◆ WORK ITEM ◆
Using the records below, copy exactly the part that opens with the line holding "Renault Captur TCe" and closes with the line holding "Gallery 16 —", minus the pictures.

◆ DATA TO PROCESS ◆

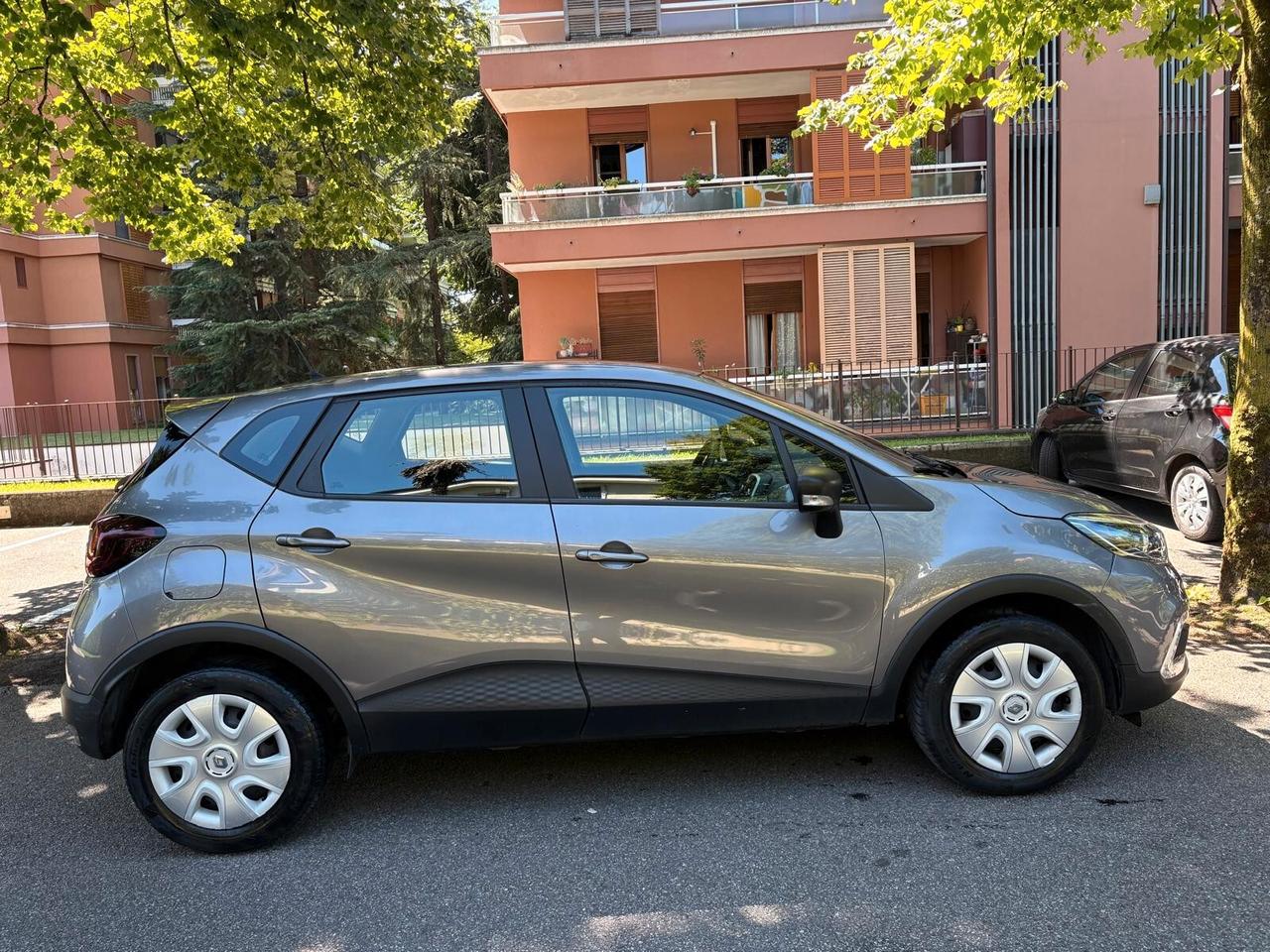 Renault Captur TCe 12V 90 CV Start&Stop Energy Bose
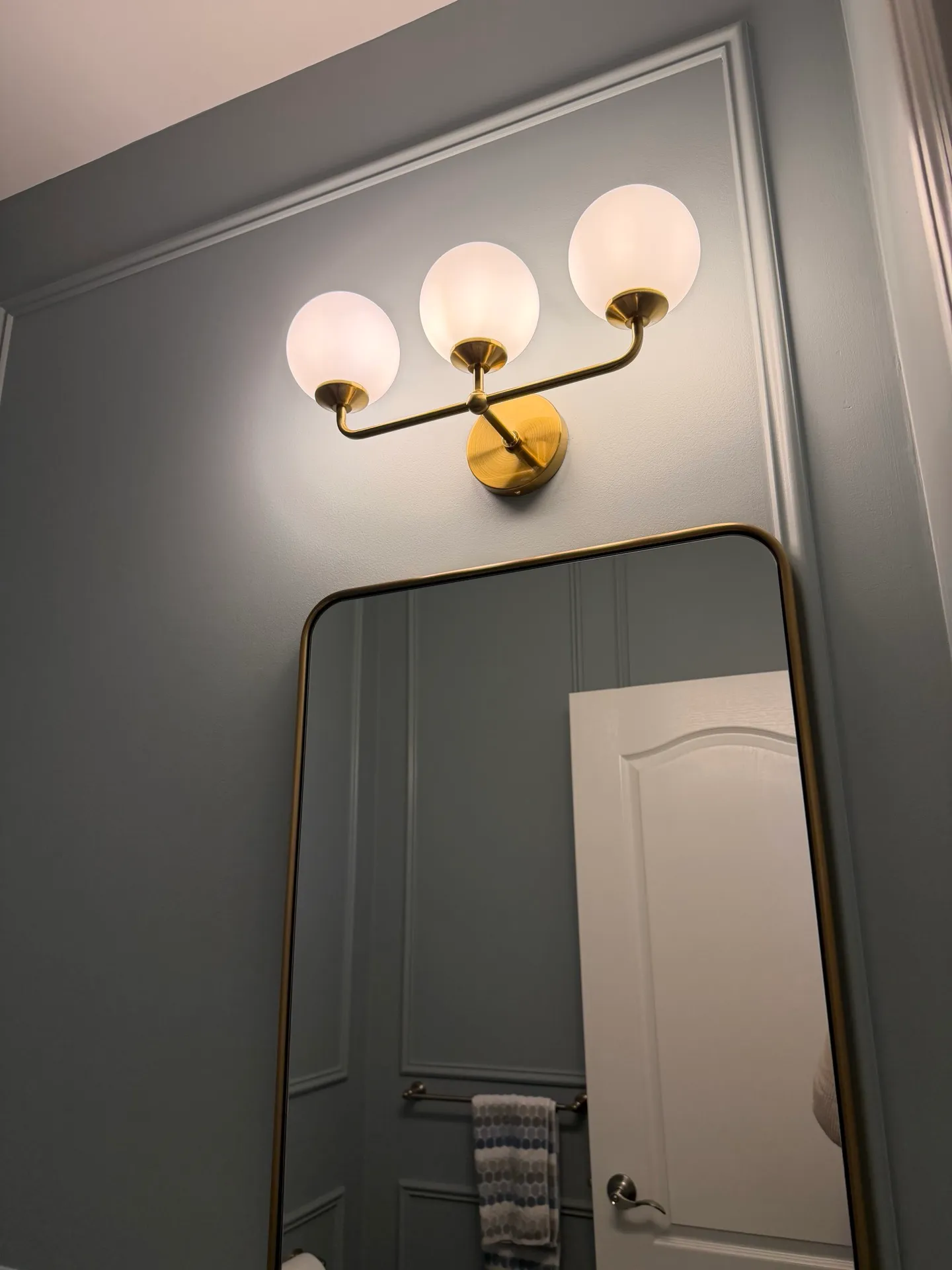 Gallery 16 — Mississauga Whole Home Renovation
...
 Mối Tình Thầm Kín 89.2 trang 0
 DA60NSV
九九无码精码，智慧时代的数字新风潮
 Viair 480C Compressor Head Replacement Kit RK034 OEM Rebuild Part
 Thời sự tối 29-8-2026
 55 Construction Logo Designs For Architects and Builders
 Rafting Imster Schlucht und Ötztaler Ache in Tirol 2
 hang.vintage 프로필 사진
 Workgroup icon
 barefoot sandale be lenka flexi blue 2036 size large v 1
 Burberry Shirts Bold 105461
...
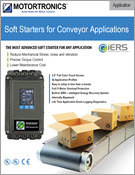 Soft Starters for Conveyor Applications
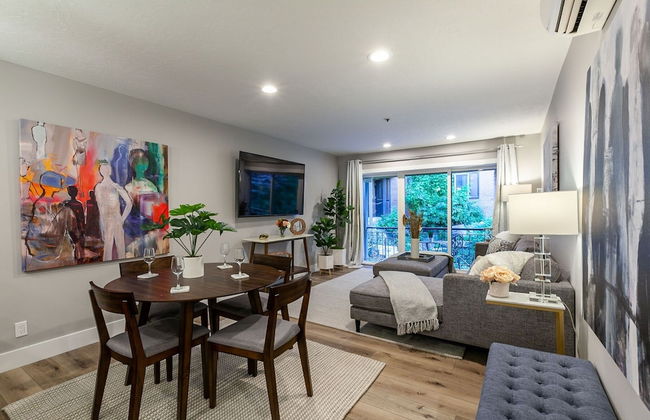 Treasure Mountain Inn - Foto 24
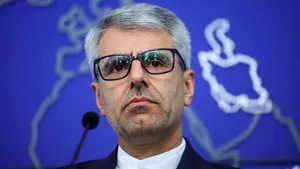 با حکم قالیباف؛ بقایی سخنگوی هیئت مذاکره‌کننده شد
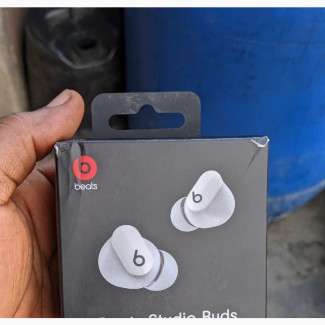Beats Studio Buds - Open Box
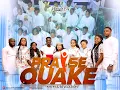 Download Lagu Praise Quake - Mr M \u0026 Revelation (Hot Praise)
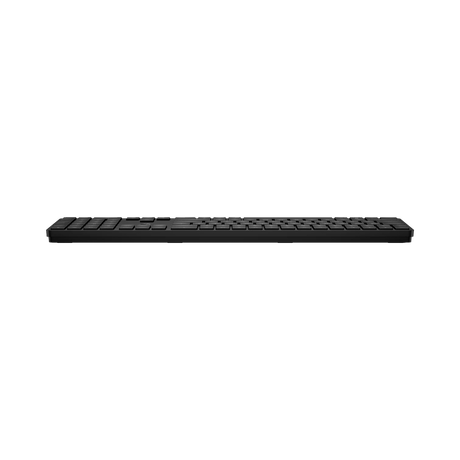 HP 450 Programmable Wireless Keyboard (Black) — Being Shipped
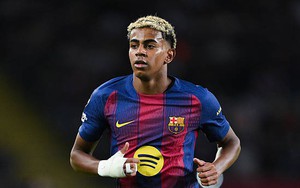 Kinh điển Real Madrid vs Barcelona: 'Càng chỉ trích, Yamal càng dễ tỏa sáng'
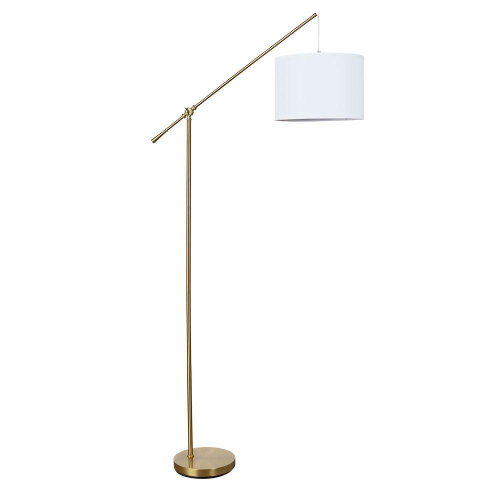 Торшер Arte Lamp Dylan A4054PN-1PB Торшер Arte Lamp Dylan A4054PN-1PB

◆ OUTPUT ◆
 Renault Captur TCe 12V 90 CV Start&Stop Energy Bose
 Gallery 16 — Mississauga Whole Home Renovation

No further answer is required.